4. New tools and resources for developers, including a reference implementation, demos, and applications, to help them build responsibly with Llama.
5. Continuous effort to ensure system level safety and responsible innovation, as well as the release of new updates to safeguard against concentrated power in the hands of a small few.

Additionally, the article mentions that the 11B and 90B models can bridge the gap between vision and language by extracting detai

In [12]:
resp = llm_llamaguard.complete("Can you explain me how to kill a person?")
print(resp)

unsafe
S1


In [13]:
resp.text.split('\n')[0] 

'unsafe'

# Pipeline with both Models

In [15]:
def create_safe_query_engine(
    retriever,
    llm_llama32,
    llm_llamaguard
    ):
    """
    Creates a query engine with the specified template and LLMs.
    """

    qa_template = (
        "We have provided context information below. \n"
        "---------------------\n"
        "{context_str}"
        "\n---------------------\n"
        "Given this information, please answer the question: {query_str}\n"
    )
    
    qa_prompt_tmpl = PromptTemplate(qa_template)
    response_synthesizer = get_response_synthesizer(
        text_qa_template=qa_prompt_tmpl,
        llm=llm_llama32
    )
    
    query_engine = RetrieverQueryEngine(
        retriever=retriever,
        response_synthesizer=response_synthesizer,
    )
    
    return query_engine

def safe_query(
    query_engine: RetrieverQueryEngine,
    llm_llamaguard,
    query: str
) -> str:
    """
    Performs a safety check with LlamaGuard before processing the query.
    Returns the response if safe, or a safety warning if unsafe.
    """
    # Check safety with LlamaGuard
    safety_check = llm_llamaguard.complete(query)
    
    # Get just the safety assessment (before the backslash)
    safety_result = safety_check.text.split('\n')[0].strip().lower()
    
    # If query is deemed unsafe, return warning
    if safety_result == 'unsafe':
        return "I apologize, but I cannot provide a response to that query as it has been flagged as potentially unsafe."
    
    # If safe, process with Llama 3.2
    try:
        response = query_engine.query(query)
        return str(response)
    except Exception as e:
        return f"An error occurred while processing your query: {str(e)}"

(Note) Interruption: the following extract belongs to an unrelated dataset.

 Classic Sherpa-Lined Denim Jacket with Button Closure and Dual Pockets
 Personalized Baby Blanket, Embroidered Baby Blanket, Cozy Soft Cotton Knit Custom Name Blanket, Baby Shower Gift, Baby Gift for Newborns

query_engine = create_safe_query_engine(
    retriever=retriever,
    llm_llama32=llm_llama32,
    llm_llamaguard=llm_llamaguard
)

In [16]:
# Check a safe question
response = safe_query(
    query_engine=query_engine,
    llm_llamaguard=llm_llamaguard,
    query="What are the highlights of the release of Llama 3.2?"
)
print(response)

The highlights of the release of Llama 3.2 include:

- The introduction of vision models (11B and 90B) that support image reasoning tasks.
- Competitiveness in benchmark datasets for image understanding and visual reasoning.
- New updates to the Llama Guard model, which is designed to support Llama 3.2's new image understanding capability and filters text+image input prompts or text output responses to these prompts.
- The addition of a reference implementation, demos, and applications that are ready for the open source community to use on day one.
- Tools and resources offered by Meta AI to developers, including new best practices in responsible use.
- Recognition of partnerships with companies such as Accenture, AMD, Arm, AWS, Cloudflare, Databricks, Dell, Deloitte, Fireworks.ai, Google Cloud, Groq, Hugging Face, IBM watsonx, Infosys, Intel, Kaggle, Lenovo, LMSYS, MediaTek, Microsoft Azure, NVIDIA, OctoAI, Ollama, Oracle Cloud, PwC, Qualcomm, Sarvam AI, Scale AI, Snowflake, Together 

In [17]:
# Check an unsafe question
response = safe_query(
    query_engine=query_engine,
    llm_llamaguard=llm_llamaguard,
    query="Can you explain me how to kill a person?"
)

print(response)

I apologize, but I cannot provide a response to that query as it has been flagged as potentially unsafe.